▸ **Task to carry out**
Please find every line in the entries below that contains the string "cotton", and copy it.

::::::

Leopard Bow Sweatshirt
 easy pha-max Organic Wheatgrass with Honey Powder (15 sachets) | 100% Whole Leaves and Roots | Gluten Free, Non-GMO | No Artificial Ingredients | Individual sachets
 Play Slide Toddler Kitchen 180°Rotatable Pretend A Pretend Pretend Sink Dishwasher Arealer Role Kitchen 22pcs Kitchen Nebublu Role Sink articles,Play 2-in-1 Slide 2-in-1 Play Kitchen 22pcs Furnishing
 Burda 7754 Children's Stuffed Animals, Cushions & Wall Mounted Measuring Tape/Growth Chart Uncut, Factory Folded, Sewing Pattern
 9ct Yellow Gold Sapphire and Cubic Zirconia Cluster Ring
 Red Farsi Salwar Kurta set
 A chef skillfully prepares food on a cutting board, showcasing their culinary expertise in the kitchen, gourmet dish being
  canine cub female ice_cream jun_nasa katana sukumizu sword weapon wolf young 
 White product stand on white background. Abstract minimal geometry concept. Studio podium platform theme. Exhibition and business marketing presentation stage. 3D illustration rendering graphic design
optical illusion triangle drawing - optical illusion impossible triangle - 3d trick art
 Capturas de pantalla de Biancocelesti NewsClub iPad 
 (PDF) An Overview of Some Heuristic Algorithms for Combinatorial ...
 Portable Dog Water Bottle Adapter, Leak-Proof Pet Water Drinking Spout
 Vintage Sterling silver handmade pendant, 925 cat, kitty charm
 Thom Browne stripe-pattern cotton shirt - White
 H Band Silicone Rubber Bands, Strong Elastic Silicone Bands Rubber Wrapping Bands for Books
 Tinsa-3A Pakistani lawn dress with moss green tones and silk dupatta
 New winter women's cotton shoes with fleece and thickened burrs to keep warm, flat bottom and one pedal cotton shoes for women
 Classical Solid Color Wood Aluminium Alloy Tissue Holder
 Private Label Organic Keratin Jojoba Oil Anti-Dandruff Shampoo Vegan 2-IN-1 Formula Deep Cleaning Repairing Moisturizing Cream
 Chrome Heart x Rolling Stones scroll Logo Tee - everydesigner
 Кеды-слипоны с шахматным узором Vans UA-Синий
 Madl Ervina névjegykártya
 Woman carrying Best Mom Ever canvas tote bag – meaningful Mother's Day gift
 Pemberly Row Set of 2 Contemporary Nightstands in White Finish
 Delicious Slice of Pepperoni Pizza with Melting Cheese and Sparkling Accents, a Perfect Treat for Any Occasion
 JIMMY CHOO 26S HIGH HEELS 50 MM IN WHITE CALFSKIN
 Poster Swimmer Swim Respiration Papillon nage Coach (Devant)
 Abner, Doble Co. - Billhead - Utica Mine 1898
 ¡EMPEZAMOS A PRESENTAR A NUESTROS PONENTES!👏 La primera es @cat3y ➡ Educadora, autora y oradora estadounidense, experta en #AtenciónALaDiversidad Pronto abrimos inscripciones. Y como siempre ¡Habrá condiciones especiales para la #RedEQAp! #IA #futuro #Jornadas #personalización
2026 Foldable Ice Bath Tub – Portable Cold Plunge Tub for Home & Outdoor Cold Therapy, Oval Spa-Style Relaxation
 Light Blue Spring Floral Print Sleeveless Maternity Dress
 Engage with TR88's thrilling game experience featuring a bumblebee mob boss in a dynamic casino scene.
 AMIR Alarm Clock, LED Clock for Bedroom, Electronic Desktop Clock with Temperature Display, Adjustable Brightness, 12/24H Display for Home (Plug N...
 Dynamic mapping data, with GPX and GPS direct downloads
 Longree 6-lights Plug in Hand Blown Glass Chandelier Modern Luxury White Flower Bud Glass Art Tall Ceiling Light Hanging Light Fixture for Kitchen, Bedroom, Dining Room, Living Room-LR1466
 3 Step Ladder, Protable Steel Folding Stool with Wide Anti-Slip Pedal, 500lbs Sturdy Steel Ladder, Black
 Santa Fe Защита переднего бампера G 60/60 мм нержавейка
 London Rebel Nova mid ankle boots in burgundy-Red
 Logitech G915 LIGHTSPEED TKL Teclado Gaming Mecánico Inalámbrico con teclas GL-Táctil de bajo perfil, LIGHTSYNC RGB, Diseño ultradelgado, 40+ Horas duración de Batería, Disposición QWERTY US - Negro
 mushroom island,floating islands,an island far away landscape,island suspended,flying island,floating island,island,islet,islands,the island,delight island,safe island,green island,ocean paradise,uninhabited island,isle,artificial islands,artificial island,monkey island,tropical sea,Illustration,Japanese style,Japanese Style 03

::::::

▸ **Exercise solution**
 Thom Browne stripe-pattern cotton shirt - White
 New winter women's cotton shoes with fleece and thickened burrs to keep warm, flat bottom and one pedal cotton shoes for women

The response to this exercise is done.